Choosing to “dumb-down” your writing also denies you the credit you deserve as an author and a food blogger. If your name is Allison, and you really are a simple gal, and you really do love to bake and share your creations, that’s fine. But chances are, hypothetical food blogging Allison, you’re much more than that. You’re an accomplished food photographer, having mastered not just the control of your camera, but lighting, food styling, props, and more. You’re probably also a social media marketing guru, using various social networks (and reading sites like this one) to drive hordes of hungry readers to your site each day. And let’s not forget that you’re a pretty spectacular frikkin’ cook, on top of it all. Forcing yourself into a middle-of-the-road, “teehee” persona doesn’t allow all the truly amazing, interesting things about you to get the attention they deserve.
Finally, adopting a tone that’s not entirely yours and not entirely true to yourself poses a danger to the whole world of food blogging. That’s right: Allow yourself to be boring on purpose, and you’re putting the entire medium in jeopardy. Because as the tone of food blogs and food blogging runs the risk of being homogenized and commodified (bright, oversaturated photo, clever/punny/topical post title, slow-cooker chicken recipe, mildly amusing anecdote, DONE!), the experience of reading food blogs gets ridiculously, painfully DULL. I think that the future of blogging is already in question, as readers turn increasingly to either established sources, big aggregator sites, or social media for their conversations. Adding another food blog to the world that has all of the flavor and consistency of a milky cup of weak tea damages the reputation of us all, and of all the work that we do.

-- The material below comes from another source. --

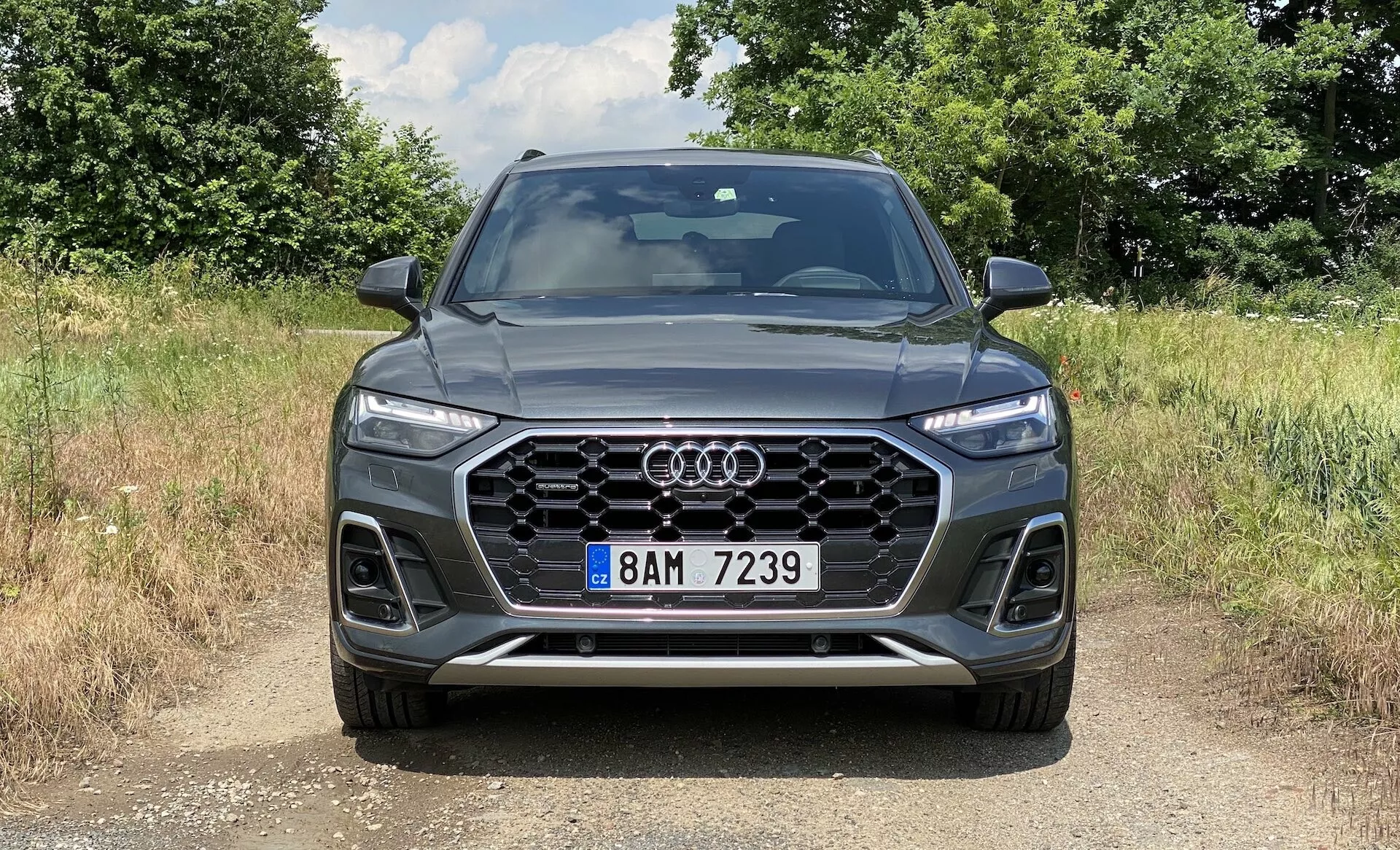 Widok z przodu na SUV Audi Q5 Sportback 2020 prezentujący wyraźną sześciokątną kratkę Singleframe z pionowymi chromowanymi listwami, centralnie umieszczonym znakiem Audi, ostre reflektory LED Matrix z charakterystycznymi światłami do jazdy dziennej, widoczne wloty powietrza z wzorzystym designem i przedni zderzak z wbudowanymi światłami przeciwmgielnymi i konturowanymi liniami. Samochód stoi na powierzchni z brudu lub żwiru, w naturalnym, wiejskim otoczeniu z promieniowaniem słonecznym rzucającym cienie, podkreślającym elegancki, sportowy wygląd i zaawansowane funkcje technologiczne.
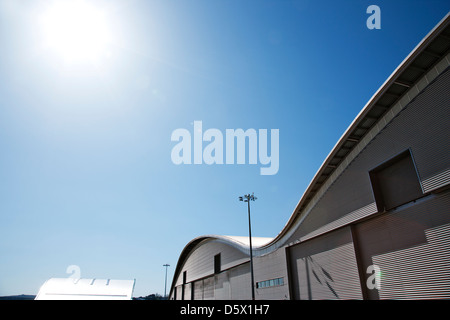 Curved roof of warehouse and blue sky Stock Photo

So let’s all make a promise to each other. Let’s make our writing as bold, interesting, and alive as we are. All the time. Let’s never intentionally make our writing more bland, more middle-of-the-road, less likely to offend, even if it seems like it will cost us readers, or brand sponsorships, or narrow our appeal. If you’re someone who swears like a merchant seaman, let that be in your writing. Likewise, if you’re a Columbia-educated professor of astrophysics who also really loves talking about the molecular chemistry of baking pies, don’t be afraid to be that person, either. Because even if you don’t have a broad, safe, marketable appeal, at least you’re being YOU, and at least you’re doing your part to elevate the potential of the medium. Do THAT, and your readers will adore you, no matter who you are.